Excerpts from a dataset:
──────────

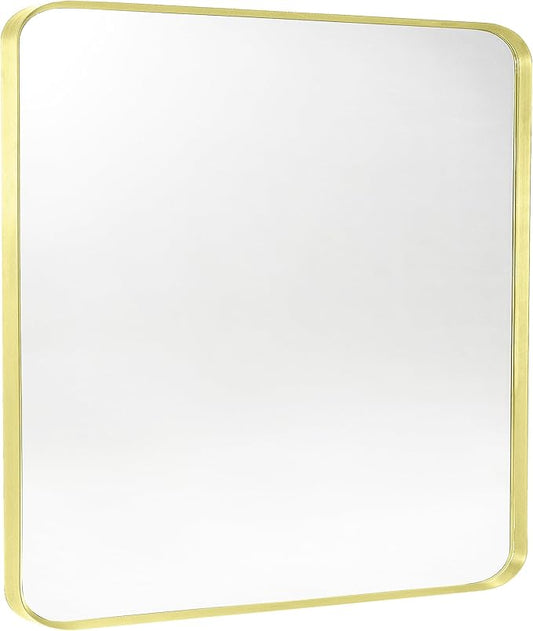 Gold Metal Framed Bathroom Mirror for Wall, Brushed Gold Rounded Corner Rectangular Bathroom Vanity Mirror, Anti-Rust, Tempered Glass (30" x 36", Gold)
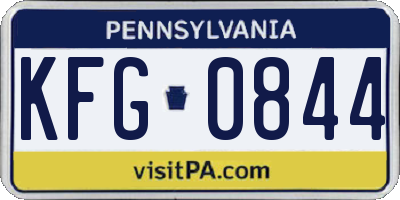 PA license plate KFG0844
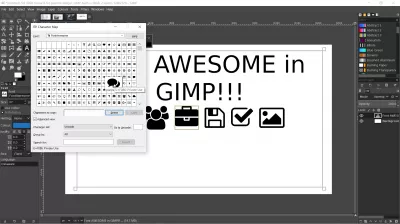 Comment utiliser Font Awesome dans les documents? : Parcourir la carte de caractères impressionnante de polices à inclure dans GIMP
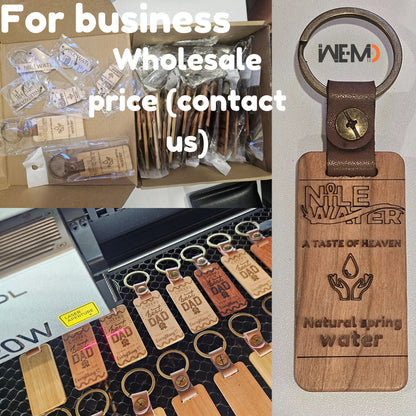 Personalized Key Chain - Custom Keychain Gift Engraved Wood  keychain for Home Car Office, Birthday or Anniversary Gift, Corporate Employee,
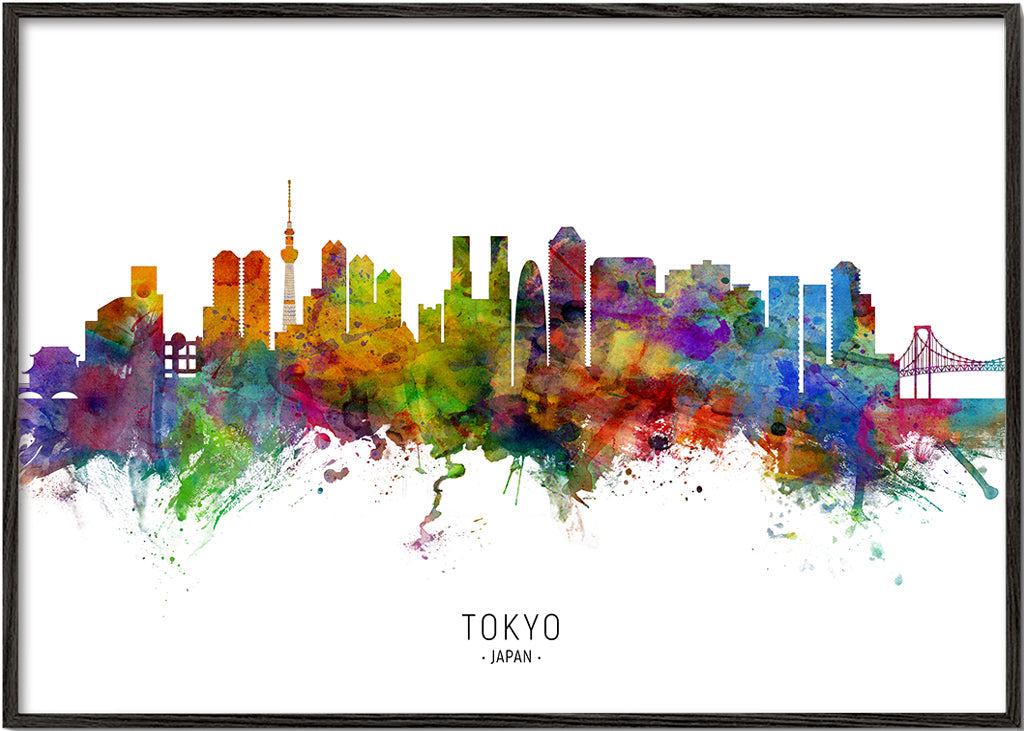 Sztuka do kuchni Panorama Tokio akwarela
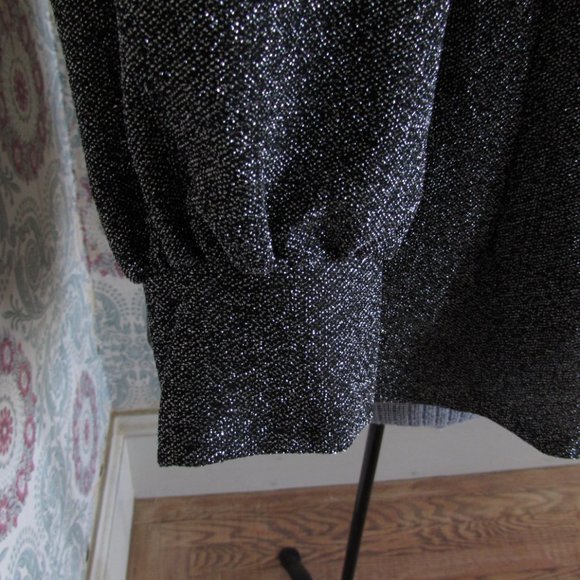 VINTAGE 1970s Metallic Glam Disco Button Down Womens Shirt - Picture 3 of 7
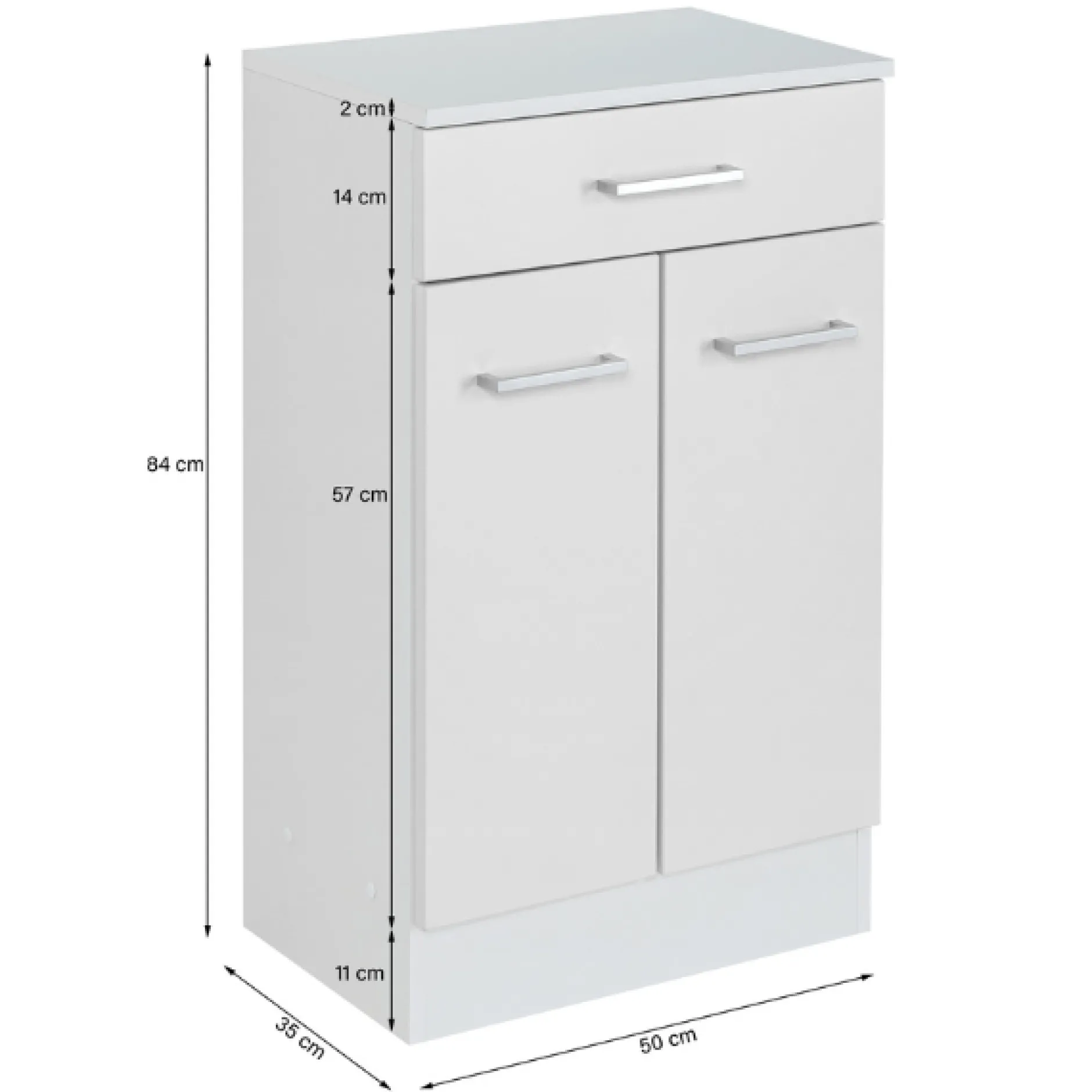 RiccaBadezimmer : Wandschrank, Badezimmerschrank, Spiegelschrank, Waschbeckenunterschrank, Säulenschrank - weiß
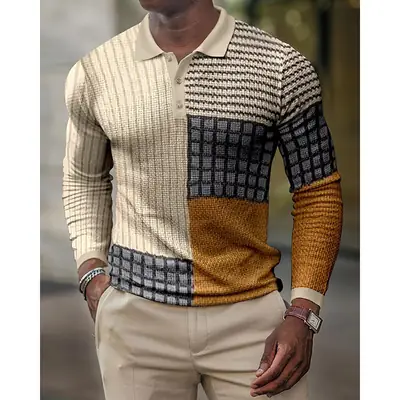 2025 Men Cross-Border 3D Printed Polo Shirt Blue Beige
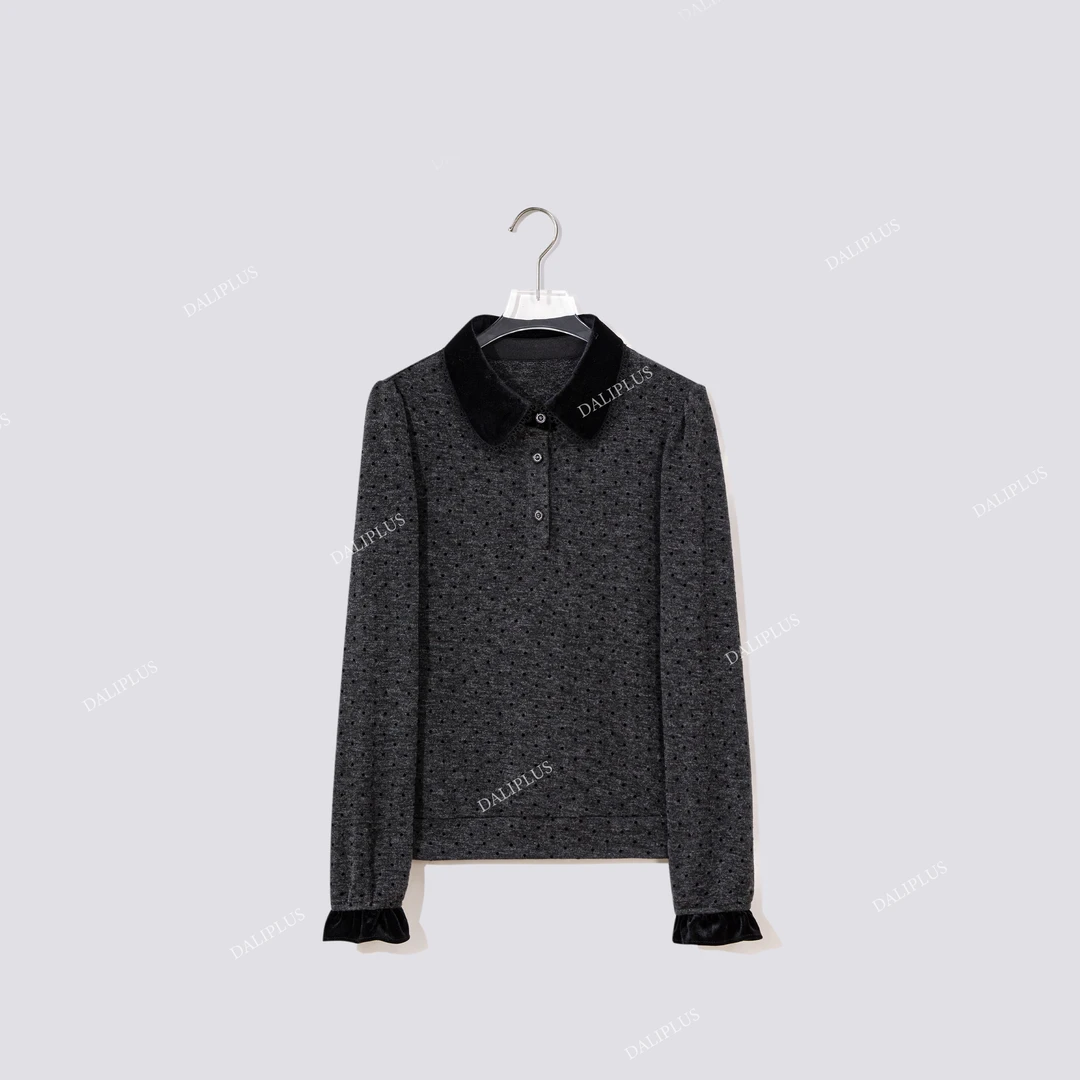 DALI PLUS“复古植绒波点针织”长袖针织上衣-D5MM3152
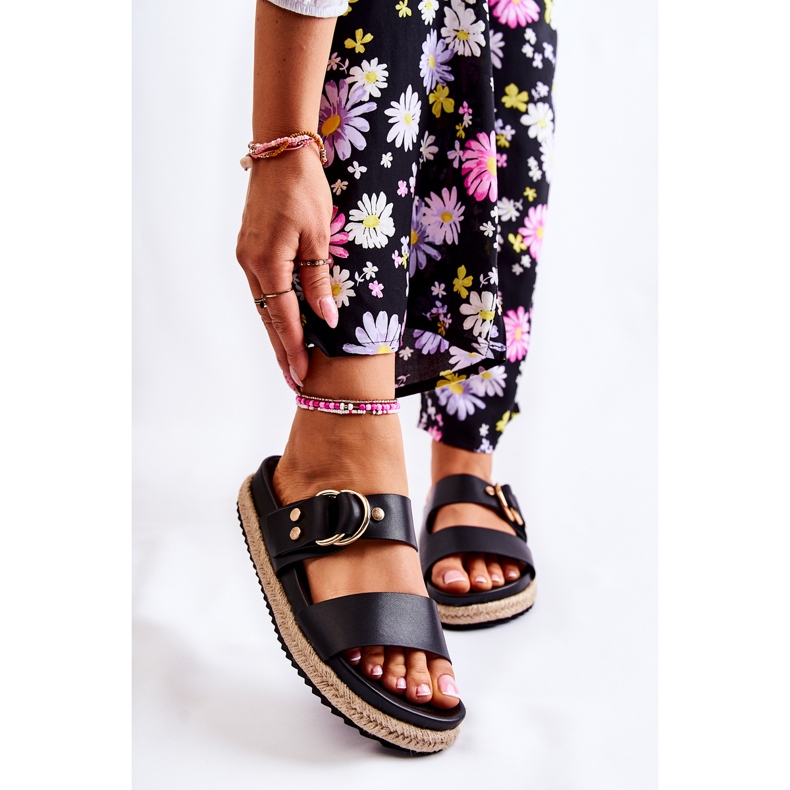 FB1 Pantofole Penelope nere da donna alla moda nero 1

──────────

Task details: With the pictures omitted, copy the entries above exactly from the line containing "PA license plate KFG0844" through the line containing "Sztuka do kuchni Panorama Tokio akwarela", both lines included.

Answer to the exercise:
 PA license plate KFG0844
 Comment utiliser Font Awesome dans les documents? : Parcourir la carte de caractères impressionnante de polices à inclure dans GIMP
 Personalized Key Chain - Custom Keychain Gift Engraved Wood  keychain for Home Car Office, Birthday or Anniversary Gift, Corporate Employee,
 Sztuka do kuchni Panorama Tokio akwarela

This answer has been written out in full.